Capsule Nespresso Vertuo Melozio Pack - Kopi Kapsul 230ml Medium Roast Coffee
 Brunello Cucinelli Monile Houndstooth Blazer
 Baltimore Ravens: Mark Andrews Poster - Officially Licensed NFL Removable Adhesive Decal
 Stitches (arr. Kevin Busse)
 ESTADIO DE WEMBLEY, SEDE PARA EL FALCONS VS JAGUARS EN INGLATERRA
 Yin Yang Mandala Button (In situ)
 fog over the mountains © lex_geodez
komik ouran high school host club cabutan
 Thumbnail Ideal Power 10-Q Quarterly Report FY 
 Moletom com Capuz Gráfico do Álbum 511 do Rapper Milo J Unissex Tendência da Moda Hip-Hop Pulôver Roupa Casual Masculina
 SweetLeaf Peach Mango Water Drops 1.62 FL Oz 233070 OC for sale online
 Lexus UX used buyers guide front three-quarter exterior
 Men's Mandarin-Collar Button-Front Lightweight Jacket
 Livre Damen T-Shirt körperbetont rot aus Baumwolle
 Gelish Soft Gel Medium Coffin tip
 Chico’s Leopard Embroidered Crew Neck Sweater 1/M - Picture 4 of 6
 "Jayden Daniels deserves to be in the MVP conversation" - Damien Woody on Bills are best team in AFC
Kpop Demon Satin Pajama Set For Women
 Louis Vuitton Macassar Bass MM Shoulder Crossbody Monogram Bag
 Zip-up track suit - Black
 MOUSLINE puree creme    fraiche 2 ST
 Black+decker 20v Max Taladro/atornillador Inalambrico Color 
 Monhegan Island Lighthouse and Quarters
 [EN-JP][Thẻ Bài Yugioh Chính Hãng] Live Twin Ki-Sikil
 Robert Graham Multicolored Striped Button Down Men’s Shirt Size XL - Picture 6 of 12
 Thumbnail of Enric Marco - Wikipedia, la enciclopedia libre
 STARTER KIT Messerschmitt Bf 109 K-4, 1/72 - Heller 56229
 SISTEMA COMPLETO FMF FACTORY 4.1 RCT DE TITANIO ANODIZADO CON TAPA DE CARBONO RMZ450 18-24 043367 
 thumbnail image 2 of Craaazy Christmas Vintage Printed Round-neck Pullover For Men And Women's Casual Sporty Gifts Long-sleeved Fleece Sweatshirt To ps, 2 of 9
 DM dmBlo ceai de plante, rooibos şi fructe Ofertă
----------
Task to complete:
This exercise needs every line of the listing that contains the word "Women".

Task output:
Kpop Demon Satin Pajama Set For Women
 thumbnail image 2 of Craaazy Christmas Vintage Printed Round-neck Pullover For Men And Women's Casual Sporty Gifts Long-sleeved Fleece Sweatshirt To ps, 2 of 9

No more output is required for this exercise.